Exercise brief :: Print out the full listing, exactly.

== == ==

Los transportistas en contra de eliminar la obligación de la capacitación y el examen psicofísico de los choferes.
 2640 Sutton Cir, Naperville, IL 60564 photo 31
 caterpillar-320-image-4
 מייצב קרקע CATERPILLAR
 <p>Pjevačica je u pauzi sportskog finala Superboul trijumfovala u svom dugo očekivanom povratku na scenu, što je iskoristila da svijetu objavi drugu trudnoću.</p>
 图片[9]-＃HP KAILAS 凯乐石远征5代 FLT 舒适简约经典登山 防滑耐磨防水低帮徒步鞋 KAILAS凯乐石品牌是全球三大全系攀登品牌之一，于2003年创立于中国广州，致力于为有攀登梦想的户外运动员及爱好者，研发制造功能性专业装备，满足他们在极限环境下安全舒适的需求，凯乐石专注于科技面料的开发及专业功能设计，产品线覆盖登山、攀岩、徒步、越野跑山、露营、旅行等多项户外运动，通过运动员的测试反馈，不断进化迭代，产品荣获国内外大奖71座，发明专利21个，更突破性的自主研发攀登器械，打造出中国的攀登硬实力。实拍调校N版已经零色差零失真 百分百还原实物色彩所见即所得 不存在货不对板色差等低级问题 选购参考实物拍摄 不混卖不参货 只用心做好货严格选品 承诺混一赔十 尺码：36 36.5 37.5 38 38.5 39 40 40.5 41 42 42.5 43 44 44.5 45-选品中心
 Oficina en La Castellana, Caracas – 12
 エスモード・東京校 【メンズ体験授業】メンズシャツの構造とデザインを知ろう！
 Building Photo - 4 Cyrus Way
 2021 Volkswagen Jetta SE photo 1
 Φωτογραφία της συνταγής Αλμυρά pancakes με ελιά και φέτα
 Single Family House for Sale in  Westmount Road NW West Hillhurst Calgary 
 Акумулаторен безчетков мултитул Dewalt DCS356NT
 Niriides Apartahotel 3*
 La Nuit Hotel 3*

== == ==

Exercise response ::
Los transportistas en contra de eliminar la obligación de la capacitación y el examen psicofísico de los choferes.
 2640 Sutton Cir, Naperville, IL 60564 photo 31
 caterpillar-320-image-4
 מייצב קרקע CATERPILLAR
 <p>Pjevačica je u pauzi sportskog finala Superboul trijumfovala u svom dugo očekivanom povratku na scenu, što je iskoristila da svijetu objavi drugu trudnoću.</p>
 图片[9]-＃HP KAILAS 凯乐石远征5代 FLT 舒适简约经典登山 防滑耐磨防水低帮徒步鞋 KAILAS凯乐石品牌是全球三大全系攀登品牌之一，于2003年创立于中国广州，致力于为有攀登梦想的户外运动员及爱好者，研发制造功能性专业装备，满足他们在极限环境下安全舒适的需求，凯乐石专注于科技面料的开发及专业功能设计，产品线覆盖登山、攀岩、徒步、越野跑山、露营、旅行等多项户外运动，通过运动员的测试反馈，不断进化迭代，产品荣获国内外大奖71座，发明专利21个，更突破性的自主研发攀登器械，打造出中国的攀登硬实力。实拍调校N版已经零色差零失真 百分百还原实物色彩所见即所得 不存在货不对板色差等低级问题 选购参考实物拍摄 不混卖不参货 只用心做好货严格选品 承诺混一赔十 尺码：36 36.5 37.5 38 38.5 39 40 40.5 41 42 42.5 43 44 44.5 45-选品中心
 Oficina en La Castellana, Caracas – 12
 エスモード・東京校 【メンズ体験授業】メンズシャツの構造とデザインを知ろう！
 Building Photo - 4 Cyrus Way
 2021 Volkswagen Jetta SE photo 1
 Φωτογραφία της συνταγής Αλμυρά pancakes με ελιά και φέτα
 Single Family House for Sale in  Westmount Road NW West Hillhurst Calgary 
 Акумулаторен безчетков мултитул Dewalt DCS356NT
 Niriides Apartahotel 3*
 La Nuit Hotel 3*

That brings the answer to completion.